The review is not limited as to scope and range, but there are perhaps two key areas on which any such review would be focused. They are, so to speak, the Everest and Grand Canyon of the VAT landscape. One is determining in which state of the EU the VAT on a transaction falls payable and claimable, and the other is whether we need exemptions from the tax, and what might replace them.
This blog will discuss the aspect relating to the location of the tax charge, and I will return to exemptions in a later discussion.
The history of this problem dates from the turn of the 1980s and 1990s when the Single Market was introduced in a manner which did not please the Commission. The Commission’s preferred idea was that sales of goods and services within the EU would be treated almost identically to sales within, say, the UK. VAT would be charged by the supplier, and then paid to the state to which the supplier belonged. The purchaser would claim this VAT in his VAT return, and thus from the state in which he belonged. They called this the “origin system”. It was simple idea.
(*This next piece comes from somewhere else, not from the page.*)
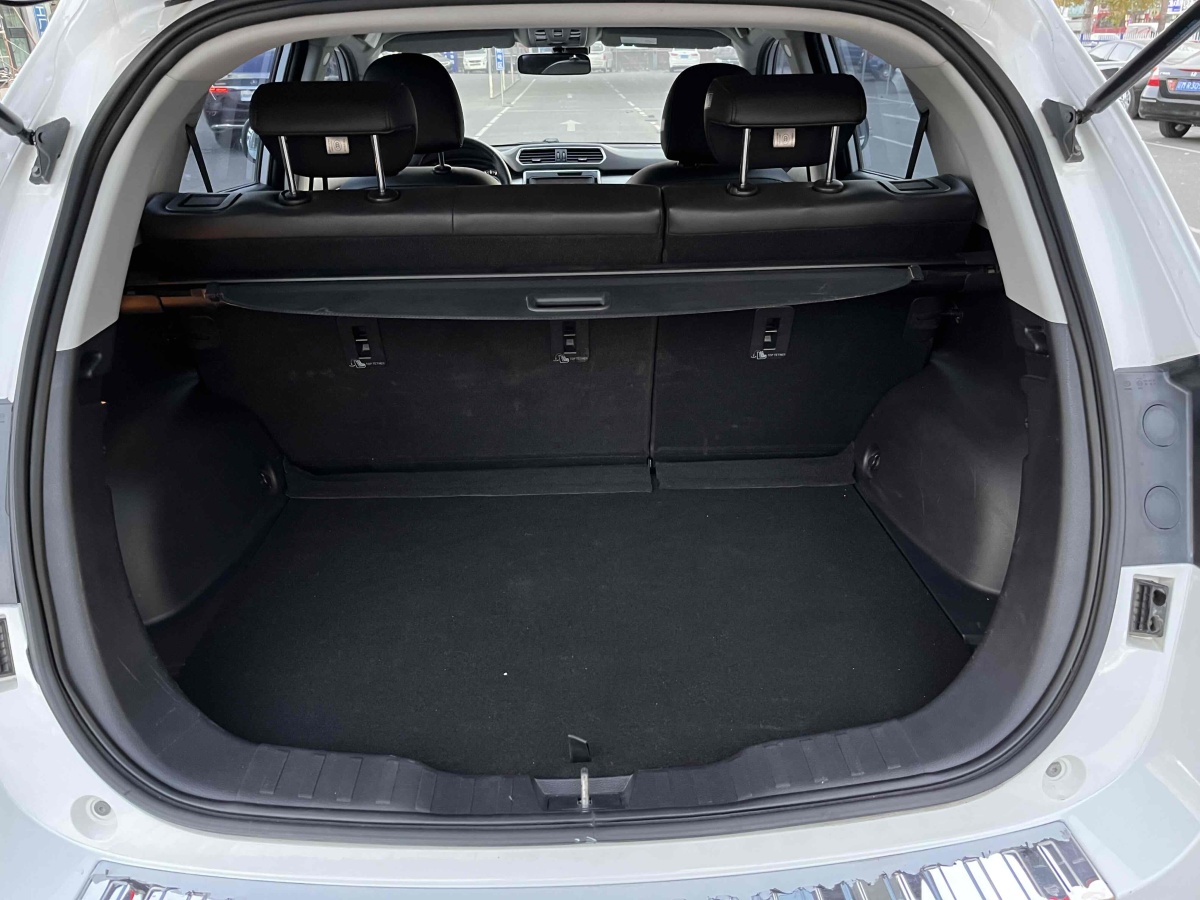 Haval H2 2015 #11 Haval H2 2015 car image #11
But the EU member states (which were then fewer in number) were concerned that net exporter states would collect the revenues and net importer states would lose them.
So they discussed a mechanism for rectifying these imbalances (it is interesting, in fact, that they ever saw them as imbalances rather than the obvious outcomes of trade patterns, but they were unwilling to change the taxation impact of the old rules even if the procedures might be different). However such a mechanism would require record keeping that would have caused problems and removed some of the perceived benefit of the Single Market reforms. So it was decided, against the better instincts of the Commission, to replicate imports and exports by acquisitions and despatches. Under these rules, which we have to this day, the seller does not charge VAT, and the purchaser self accounts for VAT on goods and services received. The customs border has been removed, but we all pretend it was still there in how we account for the VAT flows. The country of consumption handles the VAT. This is called the Destination system.
Nearly 20 years on, we still have this Destination system. The Commission would like us to reconsider the Origin system. The problem remains the same as before, but now with a vastly increased number of states in the Single Market. If it could not work in 1992 how can it work now? That might be answered by reference to much more capable IT systems making the concept of redistributing the revenues between states more feasible, at least in theory; though the extreme problems with the automation of overseas business VAT reclaims which occurred in 2010 could put paid to that particular view. In truth, the move to an origin based single market means a move to a single set of VAT rates across that market, to one agency for collecting VAT revenues, one law code under which it is all done, and then, a quasi governmental agency for distributing the net revenues down to each member state in accordance with a politically agreed principle. Anything other than that would be ramshackle. So, what would be the benefits?
The benefit of simplicity for businesses is attractive. It would also exert significant pressure against VAT fraud (though some would say that this would simply send the fraudsters off looking for other vehicles for fraud thus achieving little in the wider scheme of things). It would eliminate the aspects of interpretation from country to country that lead in some marginal cases both to double taxation and to non-taxation. It would eliminate cross border shopping. So, what would be the disadvantage?
Well, that obviously is the loss of each state’s control over the most important taxation tool available to them. It would be a giant stride in the direction of a super state. Do the member states’ populations want that? The answer appears clearly to be “No”. So it seems to me that there is very little prospect of significant change in this area.